- _WHAT TO PRODUCE_
What needs reproducing is the run of lines in the data below starting at the line with "A grounds crew" and ending at the line with "serious man wearing plaid shirt serious", both ends included. Copy it exactly, without pictures, and add nothing.

- _AVAILABLE DATA_
- Opening Delimiter -

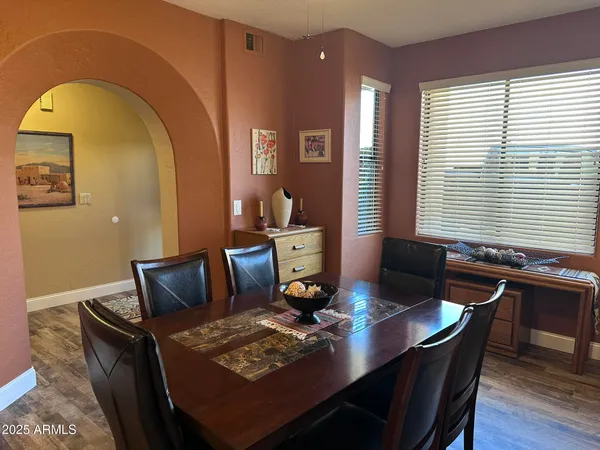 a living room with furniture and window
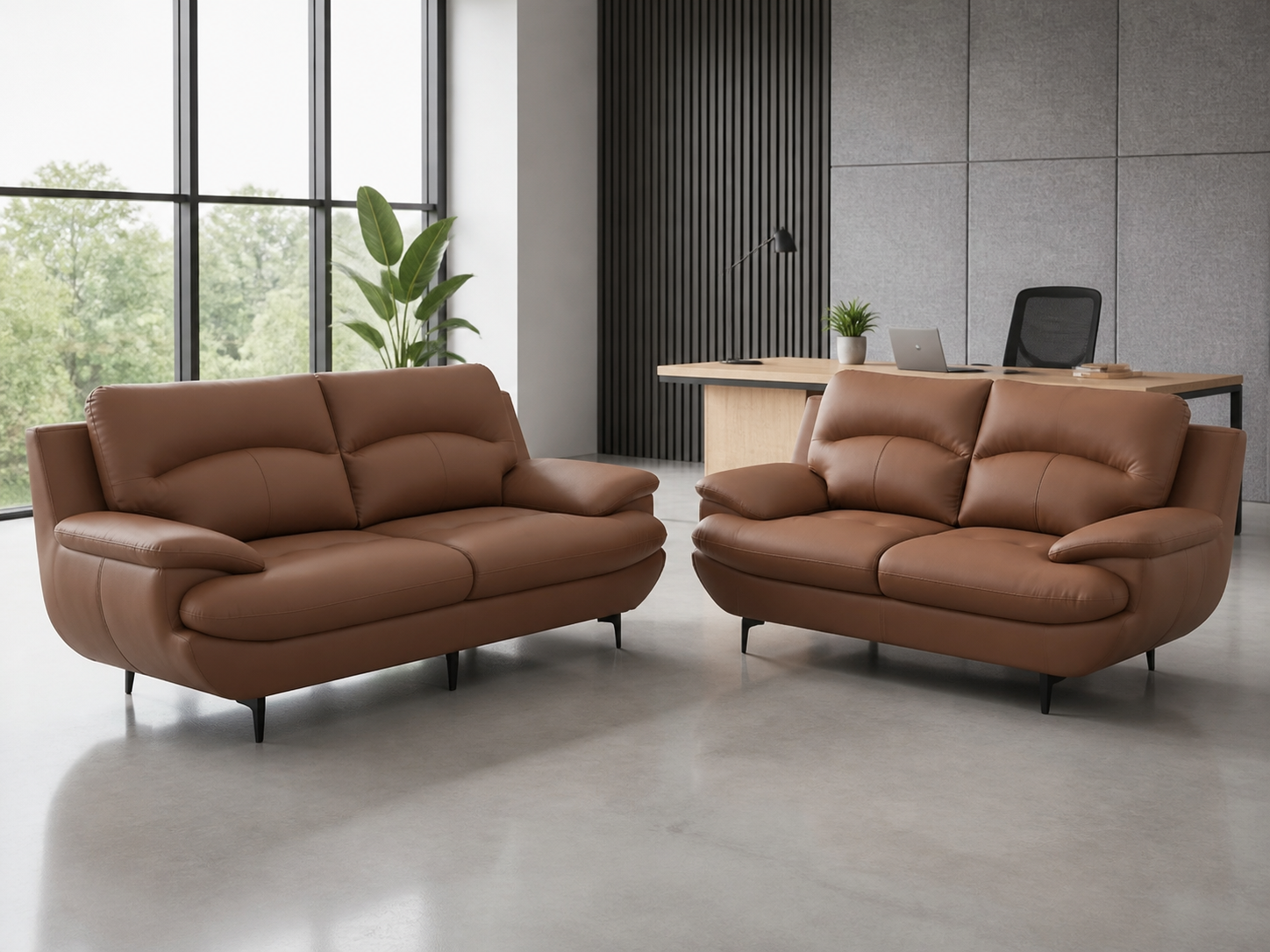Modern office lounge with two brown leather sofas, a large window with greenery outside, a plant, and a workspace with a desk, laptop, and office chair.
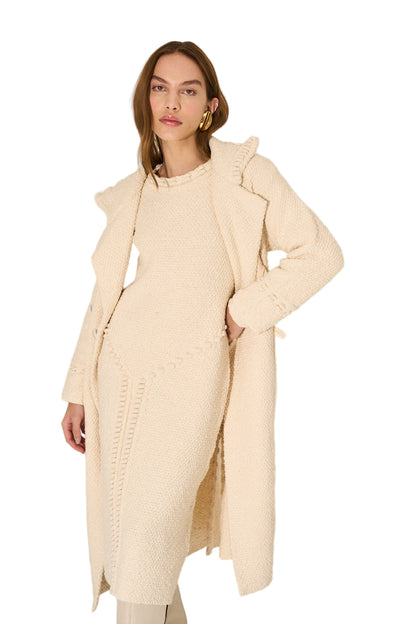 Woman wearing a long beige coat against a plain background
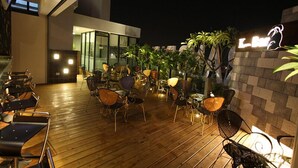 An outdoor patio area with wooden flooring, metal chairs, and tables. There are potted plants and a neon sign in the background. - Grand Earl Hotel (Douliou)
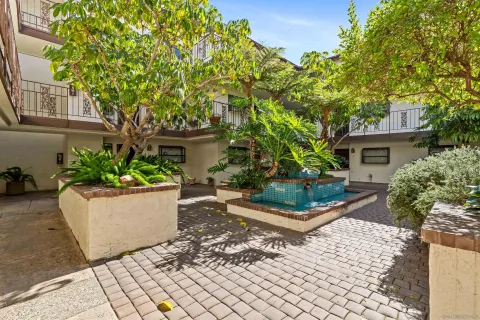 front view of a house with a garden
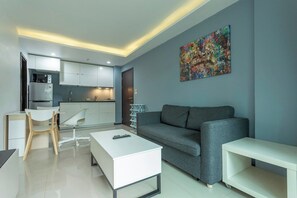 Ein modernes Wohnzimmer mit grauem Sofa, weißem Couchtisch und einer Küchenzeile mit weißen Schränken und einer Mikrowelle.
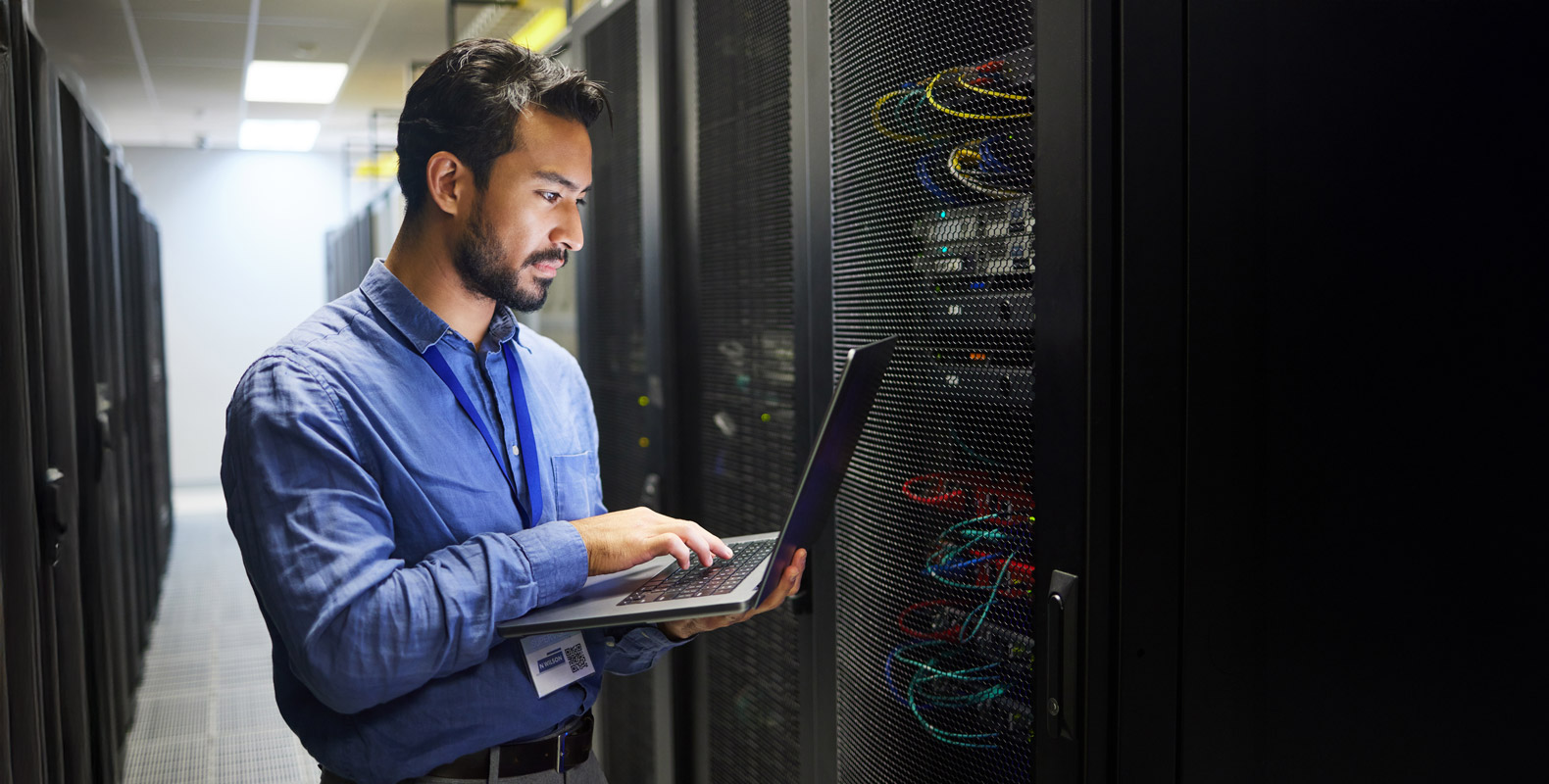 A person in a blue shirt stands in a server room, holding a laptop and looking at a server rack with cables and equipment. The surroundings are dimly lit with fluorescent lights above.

- Closing Delimiter -
- Opening Delimiter -

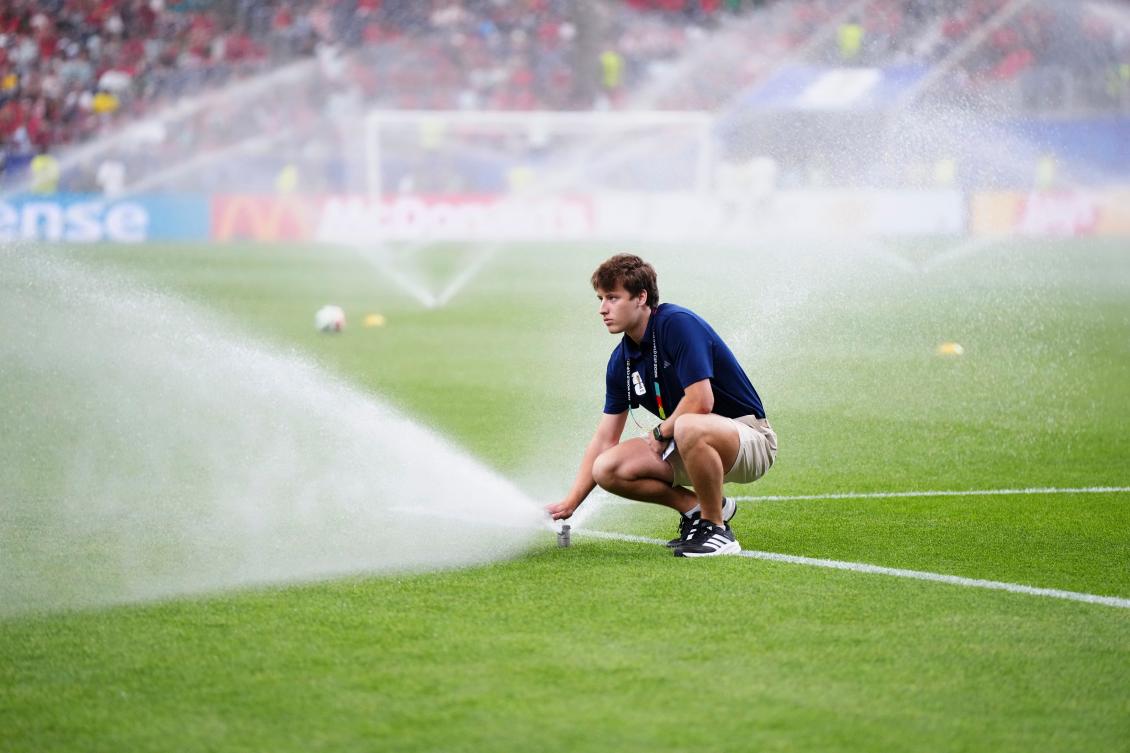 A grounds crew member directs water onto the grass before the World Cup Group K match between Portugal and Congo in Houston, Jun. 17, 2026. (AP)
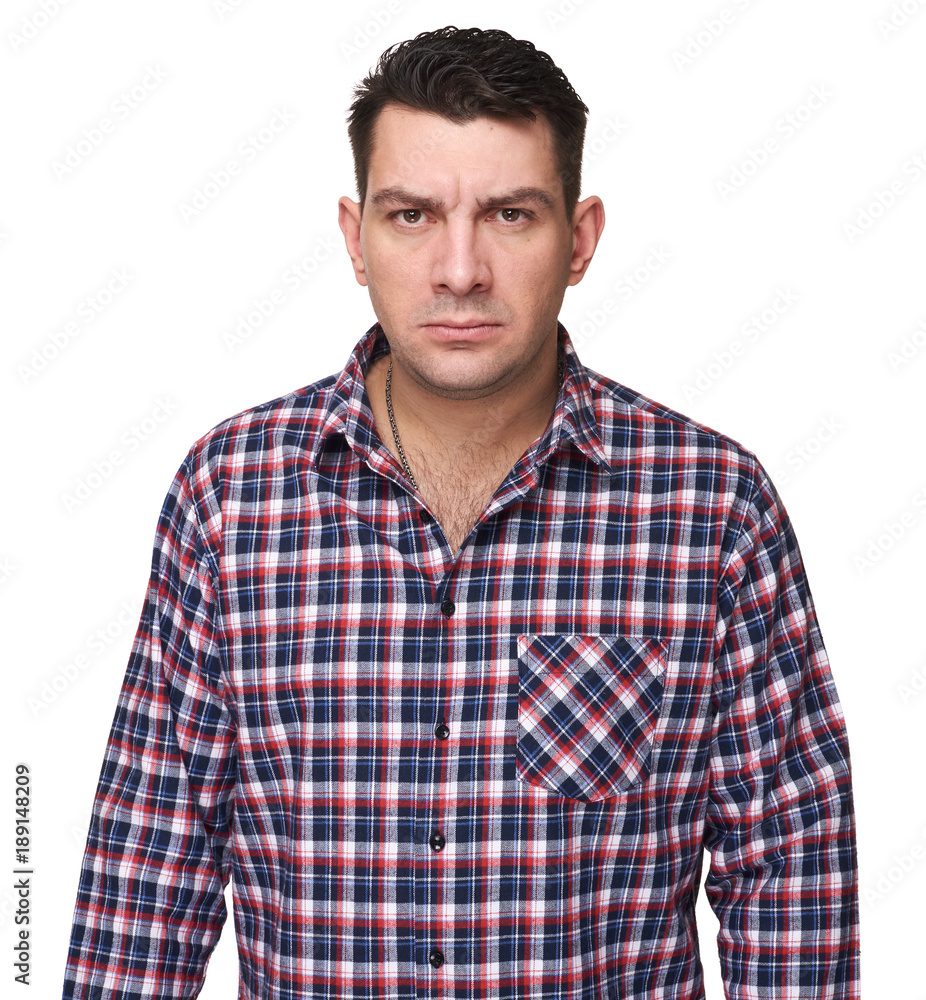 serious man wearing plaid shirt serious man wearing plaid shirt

- Closing Delimiter -

- _SOLUTION TO THE PROBLEM_
 A grounds crew member directs water onto the grass before the World Cup Group K match between Portugal and Congo in Houston, Jun. 17, 2026. (AP)
 serious man wearing plaid shirt serious man wearing plaid shirt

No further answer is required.